Raising minimum wage is not good for America

President Biden has proposed raising the federal minimum wage to $15 per hour from the present sum of $8.20 per hour. This writer supports any plan which benefits any portion of the economy. However, raising the minimum wage does not accomplish the desired result.

The history of such increases reveals one significant impact may result in inflation. For example, a 25 percent raise of the minimum wage may result in a similar increase in other compensations up to the executive level. The working force from the basic level through the higher tiers is on scaled compensation rates.

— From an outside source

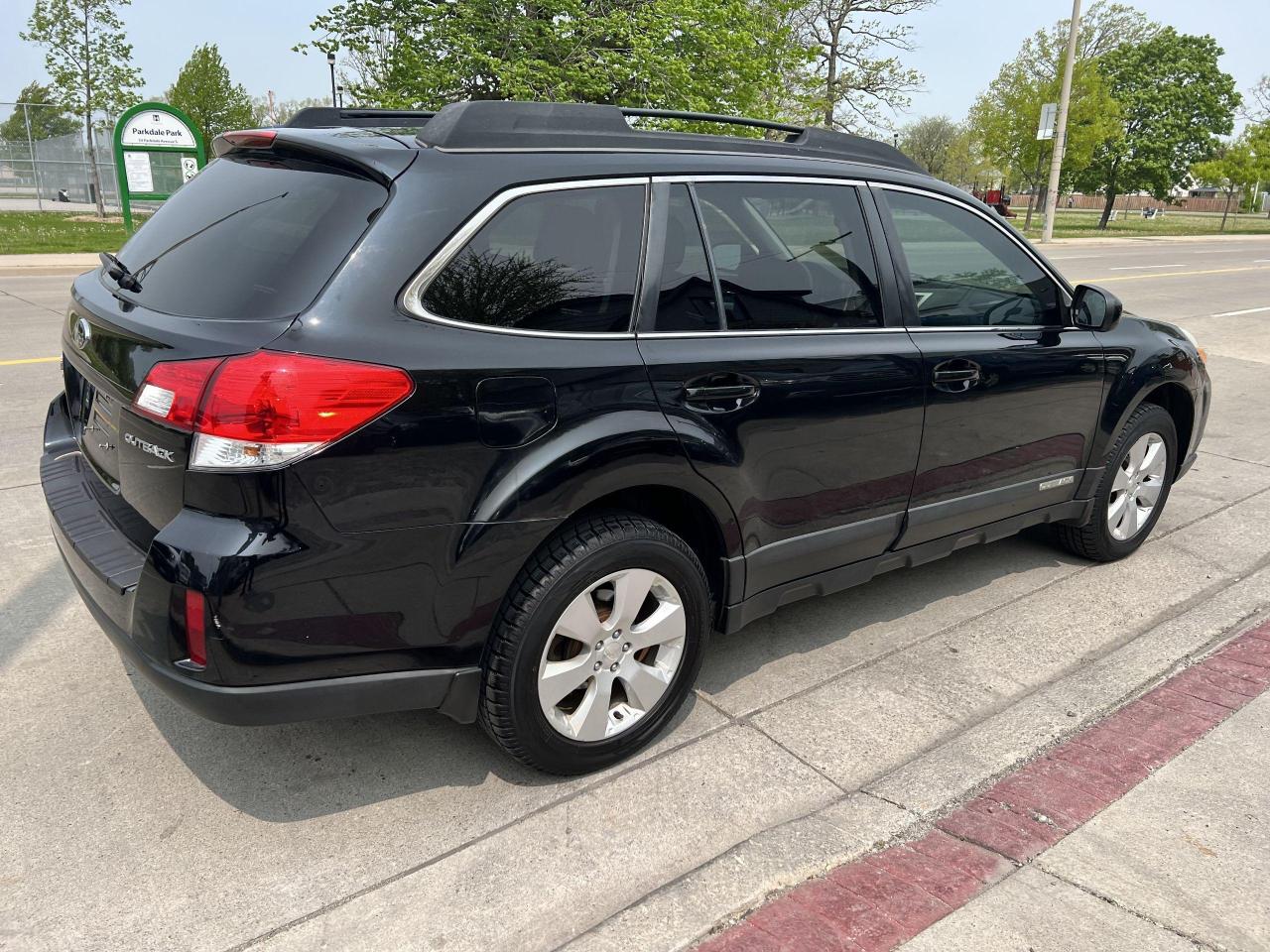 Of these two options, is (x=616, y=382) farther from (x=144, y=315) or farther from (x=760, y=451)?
(x=144, y=315)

A review of texts on this subject adds other dimensions. Though the labor force would benefit from an increase, those suffering poverty would experience more pain. The portion of the total labor force receiving the added pay may be as low as 10 percent. Other effects would be profit reduction, increased prices and/or work force reduction.

STANLEY HARRIS JR., SAVANNAH

Fulton health dept. does great job with vaccine

I want to send out huge thanks to the Fulton County Health Department.

I was able to access their website in early January after hearing on 11 Alive that vaccines were going to be available according to the prioritized groups. Since I am in the ‘elderly’ category, I was able to get an appointment for the first dose of the COVID-19 vaccine the second week of January. I was then contacted by email and advised to get the booster dose this week, which I just got. At both times, at both the Alpharetta vaccination location as well as at the Mercedes-Benz Stadium location downtown, I found the volunteers at the vaccination sites to be very friendly, helpful, polite and professional.

I am expressing these thanks, because I feel that public health workers are not being appreciated enough.

SALPI ADROUNY, JOHNS CREEK

Vaccination process is a complete mess

The vaccination process is a mess: no vaccine and all sites full, long lines, no ability to sign up, and no way to contact anyone. Officials panicked and stupidly opened up the process to age 65 and above. Now the process is overloaded. People wanting a second shot are competing with people wanting a first shot. The demand is vastly larger than the process can do. It is not an orderly process. I had a second shot date for Feb. 16 on an official card. There was a line of 60 cars or more, and I was told my card was not sufficient to get the shot. Officials should immediately raise the age to 75 and get all of these people completely vaccinated and then lower age in five-year increments. Are officials smart enough to do it?

JOHN HAVICK, STONE MOUNTAIN

Bills based on lies should be defeated

Five bills purporting to make Georgia elections more secure are moving their way through the Georgia Legislature( SB67, SB71, SB89, SB93 and HB270). All five of these bills are predicated on the big lie that something was corrupt about our most recent election. Election officials of both parties said this was the most secure election ever. This election had the best turnout for a Georgia election in many years, despite the raging pandemic with no evidence of significant voter fraud. These bills are about voter suppression, not voter security.

The legislature should make voting easier and expand the franchise to every eligible voter. A clean, safe election with broad participation is a victory. Build on that. These bills must be defeated.